Minister for Finance Paschal Donohoe announced the commission. Photo: Gareth Chaney/Collins

Minister for Finance Paschal Donohoe announced the commission. Photo: Gareth Chaney/Collins

The Government’s new Commission on Taxation is to start work today after Finance Minister Paschal Donohoe announced the 14-member panel yesterday.

The commission, which will be providing high-level strategic advice to the Government, is looking at new ways to raise sustainable revenue to fund State commitments over the next 20 years.

Two key areas to be addressed are long-term demographic pressures on both tax and spending, as well as the implications of international reform on corporation taxes. 

The independent body, chaired by Prof Niamh Moloney of the London School of Economics, is being asked to consider how best the taxation and welfare systems can support economic activity and promote increased employment and prosperity, while ensuring that there are sufficient resources available to meet the increasing costs of public services.

The commission is expected to issue a report to the minister in July 2022 after a series of public consultations on how best to arrange the public finances to meet the economic challenges of the future.

This is only the fourth time in the history of the State that a Commission on Taxation and Welfare has been convened. 

The most recent commission in 2009 was responsible for making recommendations to institute local property taxes, carbon taxes and water charges – all highly contentious revenue-raising measures.

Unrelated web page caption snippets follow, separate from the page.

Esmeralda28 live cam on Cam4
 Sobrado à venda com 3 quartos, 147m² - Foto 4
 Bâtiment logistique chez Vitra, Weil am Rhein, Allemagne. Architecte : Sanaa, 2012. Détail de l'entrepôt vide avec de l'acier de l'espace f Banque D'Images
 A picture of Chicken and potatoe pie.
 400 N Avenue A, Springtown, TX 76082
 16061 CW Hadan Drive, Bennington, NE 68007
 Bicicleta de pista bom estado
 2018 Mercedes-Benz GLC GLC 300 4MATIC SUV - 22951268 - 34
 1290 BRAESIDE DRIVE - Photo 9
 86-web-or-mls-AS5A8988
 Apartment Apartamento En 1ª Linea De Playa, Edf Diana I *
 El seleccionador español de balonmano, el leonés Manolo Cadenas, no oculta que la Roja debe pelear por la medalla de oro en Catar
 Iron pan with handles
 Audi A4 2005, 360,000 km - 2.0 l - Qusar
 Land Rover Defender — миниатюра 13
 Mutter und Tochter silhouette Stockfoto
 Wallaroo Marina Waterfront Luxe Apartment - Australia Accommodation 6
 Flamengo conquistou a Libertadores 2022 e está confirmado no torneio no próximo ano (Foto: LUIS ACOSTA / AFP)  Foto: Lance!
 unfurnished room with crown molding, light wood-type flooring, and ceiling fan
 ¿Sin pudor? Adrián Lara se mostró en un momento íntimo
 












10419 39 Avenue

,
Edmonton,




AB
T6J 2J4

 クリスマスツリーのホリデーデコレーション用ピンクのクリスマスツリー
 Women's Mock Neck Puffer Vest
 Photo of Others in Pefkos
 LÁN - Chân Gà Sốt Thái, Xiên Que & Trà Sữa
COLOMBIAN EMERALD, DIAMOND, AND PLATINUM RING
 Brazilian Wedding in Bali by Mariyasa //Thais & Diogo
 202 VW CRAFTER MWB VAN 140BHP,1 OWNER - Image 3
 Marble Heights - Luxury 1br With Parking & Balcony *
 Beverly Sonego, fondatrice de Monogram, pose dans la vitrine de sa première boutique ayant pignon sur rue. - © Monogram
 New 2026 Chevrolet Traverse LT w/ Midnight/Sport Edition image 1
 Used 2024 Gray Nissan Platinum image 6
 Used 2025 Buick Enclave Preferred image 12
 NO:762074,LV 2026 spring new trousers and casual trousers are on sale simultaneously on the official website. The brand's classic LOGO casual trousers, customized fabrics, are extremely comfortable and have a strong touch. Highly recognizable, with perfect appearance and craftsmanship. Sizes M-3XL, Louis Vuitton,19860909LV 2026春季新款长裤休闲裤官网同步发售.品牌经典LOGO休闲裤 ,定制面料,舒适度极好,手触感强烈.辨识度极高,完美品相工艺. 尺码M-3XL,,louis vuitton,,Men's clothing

The members of the commission are: Marie Bradley, Managing Director, Bradley Tax Consulting; Philip Brennan, former Assistant Secretary, Revenue Commissioners; Sandra Clarke, President of the Irish Tax Institute, Partner in BCC Accountants; Rowena Dwyer, Manager of Policy, Planning and Government Relations with Enterprise Ireland; William Hynes, Senior Advisor to the Secretary General OECD; Philip Kermode, former Director, European Commission; Aoife Ní Lochlainn, Irish Environmental Network; Rena Maycock, CEO and Founder of Cilter Technologies; John-Mark McCafferty, Chief Executive Officer, Threshold; Tom McDonnell, Nevin Economic Research Institute and ICTU Nominee; Fergal O’Brien, Director, IBEC; Barra Roantree, Economic and Social Research Institute; and Anne Vaughan, former Deputy Secretary, Department of Social Protection.